▶ Task description
Output, word for word, every line from the start of the listing down to and including the line that contains "Anime BMW motor"; include nothing else.

▶ Information given

========================

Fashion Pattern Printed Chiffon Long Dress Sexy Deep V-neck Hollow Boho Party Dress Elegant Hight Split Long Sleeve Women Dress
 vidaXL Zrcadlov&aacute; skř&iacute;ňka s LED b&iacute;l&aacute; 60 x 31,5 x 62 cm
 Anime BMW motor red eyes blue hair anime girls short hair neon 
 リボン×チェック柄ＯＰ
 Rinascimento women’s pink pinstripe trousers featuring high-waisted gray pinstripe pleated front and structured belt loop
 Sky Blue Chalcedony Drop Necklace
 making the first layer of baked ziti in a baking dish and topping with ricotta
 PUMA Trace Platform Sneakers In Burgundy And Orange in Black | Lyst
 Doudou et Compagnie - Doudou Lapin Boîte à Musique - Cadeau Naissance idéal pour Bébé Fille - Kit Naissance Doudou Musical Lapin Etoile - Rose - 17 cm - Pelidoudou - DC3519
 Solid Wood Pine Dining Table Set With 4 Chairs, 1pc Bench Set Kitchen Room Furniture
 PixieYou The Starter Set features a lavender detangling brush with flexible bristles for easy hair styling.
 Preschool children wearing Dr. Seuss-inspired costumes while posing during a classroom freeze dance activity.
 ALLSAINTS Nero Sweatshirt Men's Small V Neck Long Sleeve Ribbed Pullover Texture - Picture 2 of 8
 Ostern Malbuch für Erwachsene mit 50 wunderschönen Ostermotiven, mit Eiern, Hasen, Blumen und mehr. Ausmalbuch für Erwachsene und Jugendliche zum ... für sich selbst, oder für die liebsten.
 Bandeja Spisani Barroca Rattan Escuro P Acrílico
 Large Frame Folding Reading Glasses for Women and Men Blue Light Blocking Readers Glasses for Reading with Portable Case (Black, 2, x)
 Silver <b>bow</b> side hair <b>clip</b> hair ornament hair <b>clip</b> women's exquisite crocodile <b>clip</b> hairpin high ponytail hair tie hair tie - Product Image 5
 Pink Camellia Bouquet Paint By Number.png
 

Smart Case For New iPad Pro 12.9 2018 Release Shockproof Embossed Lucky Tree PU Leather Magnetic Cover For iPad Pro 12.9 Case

========================

▶ Written reply
Fashion Pattern Printed Chiffon Long Dress Sexy Deep V-neck Hollow Boho Party Dress Elegant Hight Split Long Sleeve Women Dress
 vidaXL Zrcadlov&aacute; skř&iacute;ňka s LED b&iacute;l&aacute; 60 x 31,5 x 62 cm
 Anime BMW motor red eyes blue hair anime girls short hair neon 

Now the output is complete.